There has to be a lolheug upvote/likes/shares/quotes/retweets for my post to get me convinced I made something. In the pursuit of this measurable and specific outcome, the effort may not be proportional to the actual rewards. That it's no longer worth writing thousands of words or spend countless of hours composing something that will lead to the void once published.
I'd like to see Hive having more people blogging because they enjoy the act and don't their shit if no one sees them.
Sharing my recent DeviantArt post

This is the most views, favorites and engagement I ever had in all my posts about art there. And I didn't get a single dime for the trouble but that rare event just gave me some dopamine.
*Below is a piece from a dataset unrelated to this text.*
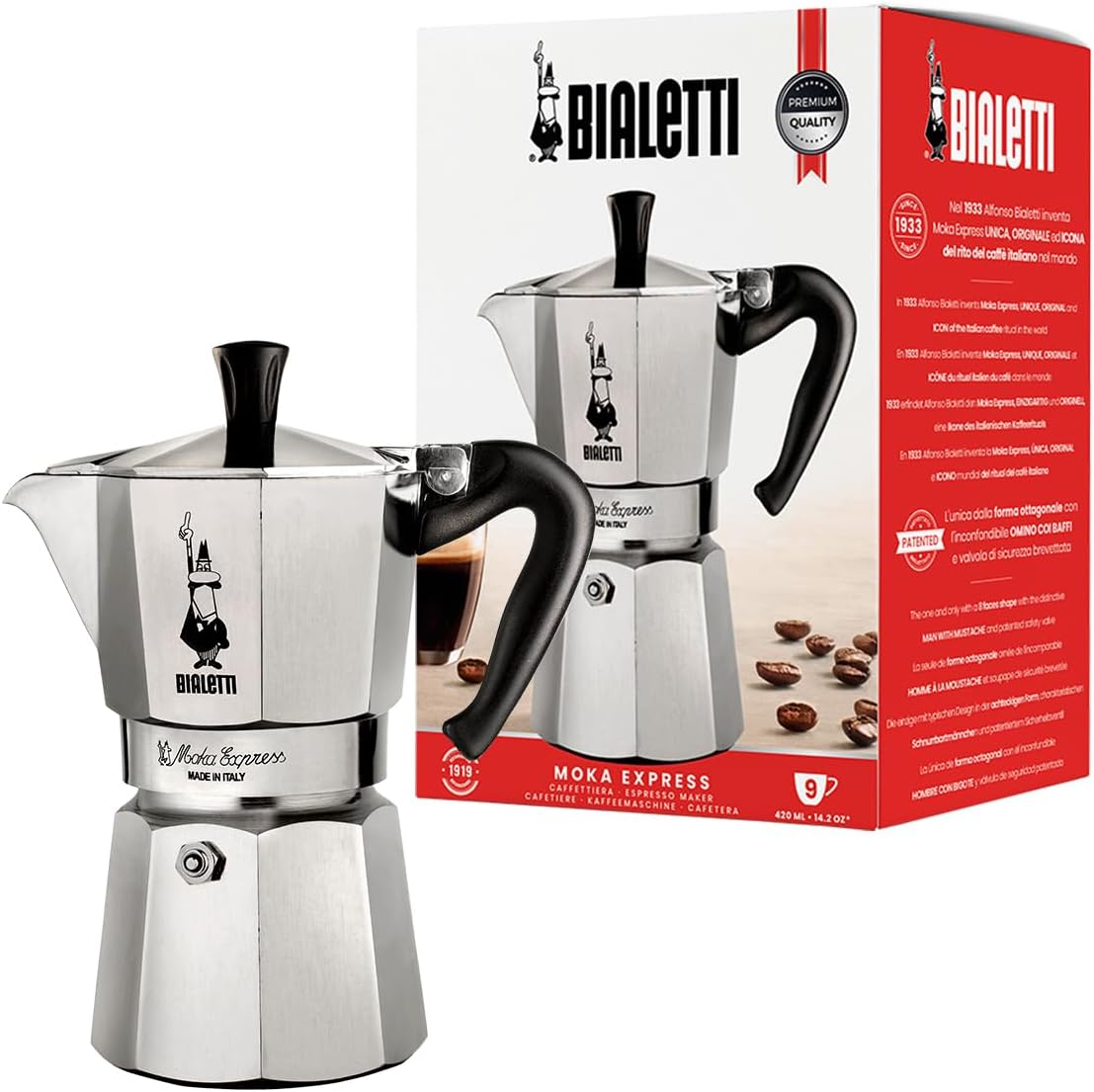 Caffettiera da caffè Bialetti Moka Express in alluminio (9 tazze)
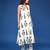 White blue cotton handblock a-linecoord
But even if no one else gave that amount of attention on me, I'd still create stuff and share it there because I like what I do and just getting external $ for the trouble is a feature and not a defining existence why I have a hobby.
Well, that's just my 2 cents.
Thanks for your time.
I'm in between, but mostly the latter. I guess I need to learn better.
The funniest instance I have ever seen of this was one of meesterboom's beer reviews where he kept drinking this beer that he claimed was really gross and reacting to it every single time, he said something about how it was so bad he had to have another sip to make sure it was actually that bad and each time it was actually that bad XD
Might be a hard ask given that most (if not all) of us were at least initially lured by the potential for money.
I like to pretend it's reasonably easy to pick who enjoys what they're doing and who is in it purely for the money though :)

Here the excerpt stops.